Taoiseach Enda Kenny has asked his senior Ministers to outline a range of measures that can be completed within one year, with recognition in Government that the lifespan of the Fine Gael-Independent administration may be short.
Mr Kenny has asked Cabinet Ministers to give him presentations on what they believe they can achieve within both the first 100 days and the first year of office.
Sources said Mr Kenny’s move has been informed by an acknowledgment that the lifespan of minority governments is generally shorter than the five-year terms that have characterised Irish governments over the past 20 years.
Mr Kenny’s spokesman said he will be undertaking a series of bilateral meetings with Ministers in the days ahead, and that the Taoiseach had already outlined a number of areas he wants tackled as the new Government takes office.
The minority Government deal agreed between Fine Gael and Fianna Fáil commits Micheál Martin's party to supporting three budgets, which would see it through to late 2018 at the earliest, but there is a fear among some in Fine Gael that it may fall sooner.
“It’s anyone’s guess,” said one senior party figure of how long the Government could last. “I don’t think anyone wants an election this year so if it falls this year it’ll be an accident rather than a strategy.”
A Fine Gael Minister said it is important to set out what can be done in a shorter timeframe.
“We have to do as much as we can in a limited amount of time,” the Minister said. “We have to set priorities.

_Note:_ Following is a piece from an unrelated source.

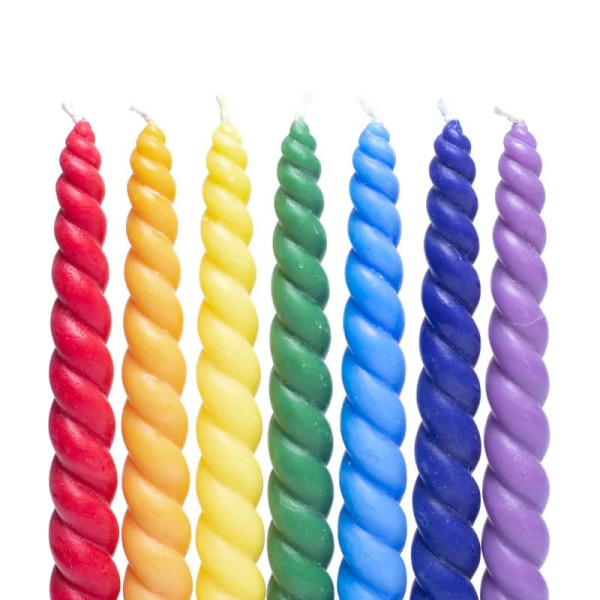 Bougies de dîner torsadées Chakra non parfumées lot de 7 -- 23cm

But there is a settling-down period, there are a lot of people in jobs they never had any experience of.”
An Independent Minister predicted, however, that the Government would bed down when it returns after the summer recess.

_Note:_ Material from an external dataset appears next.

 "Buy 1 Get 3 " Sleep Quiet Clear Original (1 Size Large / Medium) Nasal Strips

It is currently planned that Mr Kenny will only meet with senior Ministers but sources said the meetings could be extended to Ministers of State as well.
The areas already identified by the Taoiseach included the preparation of an action plan for housing in the first 100 days, outlining a reformed budgetary process, establishing a taskforce on mobile coverage and broadband coverage for rural areas, reactivating the National Treatment Purchase Fund to reduce waiting lists and the preparation of a new winter accident and emergency plan.
Another such measure to be dealt with within the first 100 days is engaging with the education sector on after-school childcare arrangements, which was flagged by Minister for Education Richard Bruton earlier this week.